What is still needed is a more nuanced understanding of the role tags play in the interaction or communication of the user with the IR system, in this case the site implementing tagging. Despite the proliferation of tags and tagging on the Web, we do not yet have a clear understanding of how to integrate tags into current models of information seeking and retrieval. Recall and precision measures tell us little about a user's IR interactions at the cognitive level, such as in making relevance judgments. Examining IR interaction can elucidate the relationship between how the IR interface handles tags and the quality of the search experience for the user. This study seeks to address these questions by examining the role of tags across different phases and activities of IR interaction.
Tags in Web Information Retrieval Interaction
The Web IR interaction process is framed as starting once the user is on the Web site in which he or she intends to enter their query. This process can take place on any site that provides search functionality in the form of a search box. This process includes some or all of the following user activities: query formulation, examination of the search results, examination of specific documents selected from the search results, and query reformulation. Documents in this case may be images, video, or audio, in addition to text. Interaction with the results provided by the IR system is seen as a two-stage process, involving examination of the search results or document surrogates, and examination of the documents.
Tags are often characterized as keywords or labels to help find content later. Thus a tagging site, or Web site providing tagging functionality has available a collection of possible search terms generated by its users. This collection of tags can be used to recommend search terms to support query formulation and reformulation. Tags also convey information — in their study of tags on del.icio.us, Golder and Huberman (2006) found that tags provided information about a bookmarked item, such as its topic, what kind of item it is (e.g., article, blog, book) and the identity of the owner or creator of the bookmarked item. Tags thus provide information for making “predictive judgments” (Rieh, 2002), if they are used to help a user decide whether to open a Web page or not, whether for collections of bookmarks in del.icio.us or displayed search results in other systems. In tagging systems that display the tags along with their associated information object, tags can also be used to make “evaluative judgments” of relevance (Rieh, 2002).
Currently Web sites vary in how they present tags in their interfaces. For example, search results pages present tags in one of the following three ways: 1) no tags are shown; 2) a list of related tags is displayed separately from search result items, with no tags shown for individual search result items; 3) for each search result item, tags are shown if available.

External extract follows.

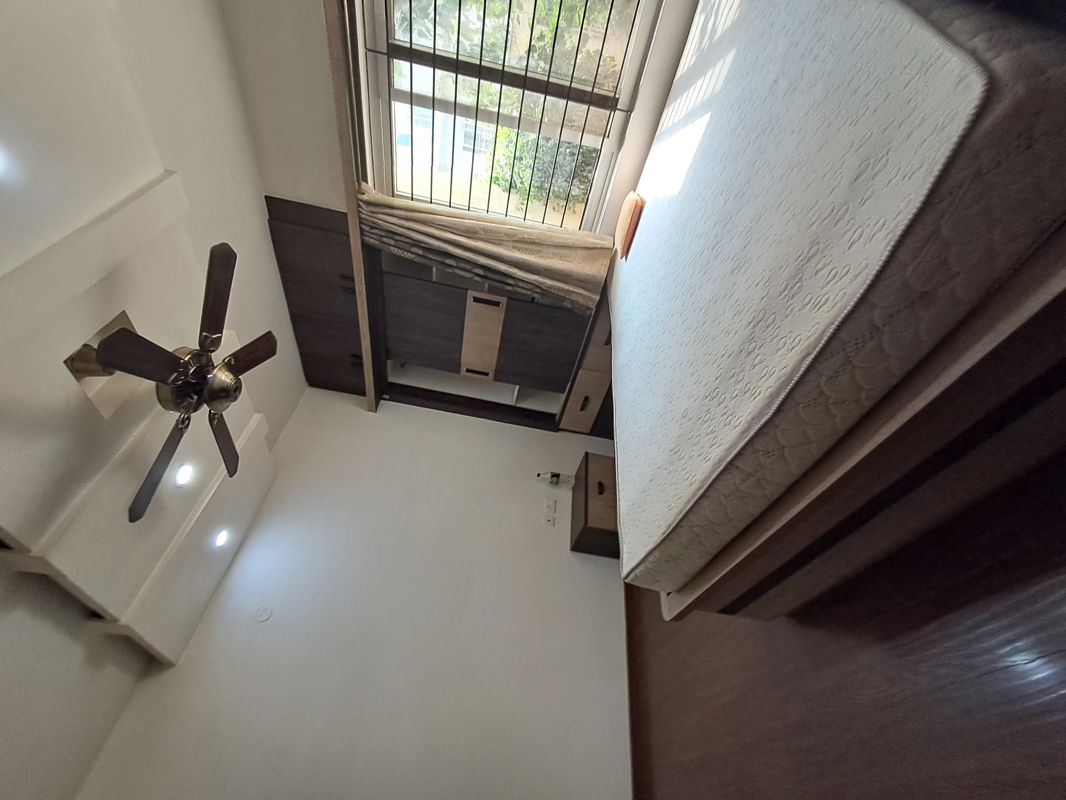 2 BHK + Pooja Room Apartment For Rent in Harlur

Sites also differ on how tags are displayed on document pages. On Flickr, a page for a specific photograph displays its associated tags in light gray and often requires scrolling down to view, making them easy to miss. Blogs often display tags in a much smaller font than the main text, again making them easy to miss.

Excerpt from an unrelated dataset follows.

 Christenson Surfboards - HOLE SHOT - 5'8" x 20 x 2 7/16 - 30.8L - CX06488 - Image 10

How tags are integrated into search is also not transparent to the user. Some sites offer a “tag search” functionality separate from the usual keyword search. Depending on the site, the result of a tag search can be a list of tags matching the search term, or a list of items tagged with the specified search term. On sites that do not provide a separate tag search, search results include items that included the search term, whether in the tags associated with the item or in other parts of the item such as its title or text. On sites with a separate tag search functionality, a user has to make the additional decision of which type of search to carry out, while on sites with no separate tag search, the user avoids this decision at the expense of less control over the search.

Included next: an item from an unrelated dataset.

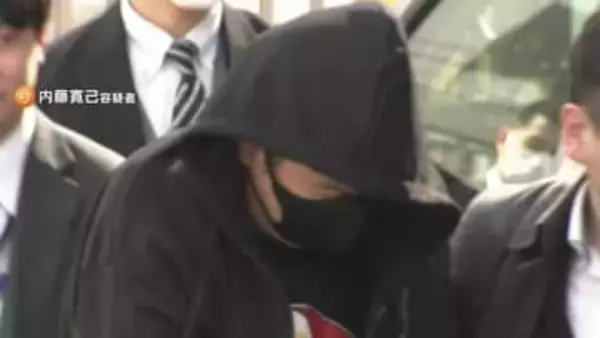 立ち退きに応じない男性脅そうと一軒家やアパートに放火か　地上げ担当の不動産会社社員ら6人逮捕　東京・品川区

Preliminary Results and Future Work
An exploratory pilot study was carried out to determine the most fruitful way to investigate the role of tags in Web IR interaction. Users of two or more Web sites with tagging functionality -del.icio.us, Flickr, Last.fm, LiveJournal, or YouTube - were interviewed on their use of these sites. In the interviews, users were asked to interact with two of the sites as they would normally, while answering questions from the researcher. Interactions typically took the form of searches for known items. Preliminary findings indicate that interviewees did not display consistent usage of tags across sites, in that use of tags varied across sites for the same person. The differing presentation of tags at the interface level also influenced their use. For example, on YouTube tags were visible in the search results, but not visible in the actual video page, while tags were visible for all phases of interaction on del.icio.us. Interviewees saw tags on the search results page of YouTube as a source of possible search terms but did not mention them at all regarding relevance or query reformulation when viewing the actual video page. These inconsistencies indicated that use of existing Web sites as-is would not be suitable for examining the role of tags across the IR interaction process.
The next step is a user study in a laboratory setting, where users will be asked to use tags in their search tasks. This will require the implementation of an experimental system allowing data collection across the entire IR interaction process. A contribution of this study is better understanding of IR interaction on the Web, especially on the utility of tags. In addition, findings from this study can inform IR system designers on when and how to make use of tags to improve the IR interaction experience for users.